### Description of the task
Would you copy all lines in the data that contain the word "Regular"?

(Entries taken from a collection)
◆ ◆ ◆

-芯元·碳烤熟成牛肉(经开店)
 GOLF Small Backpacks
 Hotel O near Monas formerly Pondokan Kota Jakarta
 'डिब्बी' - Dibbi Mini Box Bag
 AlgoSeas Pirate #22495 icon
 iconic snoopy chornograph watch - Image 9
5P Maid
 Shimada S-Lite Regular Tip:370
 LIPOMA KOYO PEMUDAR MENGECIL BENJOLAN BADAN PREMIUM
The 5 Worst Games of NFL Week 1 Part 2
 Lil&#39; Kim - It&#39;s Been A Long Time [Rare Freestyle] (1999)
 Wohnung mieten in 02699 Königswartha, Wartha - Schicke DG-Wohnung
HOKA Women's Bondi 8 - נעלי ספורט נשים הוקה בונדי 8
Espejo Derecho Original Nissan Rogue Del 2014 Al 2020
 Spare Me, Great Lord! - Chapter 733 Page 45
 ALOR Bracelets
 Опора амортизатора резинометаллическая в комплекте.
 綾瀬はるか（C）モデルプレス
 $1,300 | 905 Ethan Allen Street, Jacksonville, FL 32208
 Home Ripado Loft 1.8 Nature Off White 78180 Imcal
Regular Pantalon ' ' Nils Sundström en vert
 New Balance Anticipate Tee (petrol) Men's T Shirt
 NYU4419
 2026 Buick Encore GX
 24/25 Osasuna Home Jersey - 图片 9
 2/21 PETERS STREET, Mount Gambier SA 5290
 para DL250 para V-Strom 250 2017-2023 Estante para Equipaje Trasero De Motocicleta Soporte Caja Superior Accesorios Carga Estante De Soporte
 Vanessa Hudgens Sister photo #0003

◆ ◆ ◆

### Response to the exercise
 Shimada S-Lite Regular Tip:370
Regular Pantalon ' ' Nils Sundström en vert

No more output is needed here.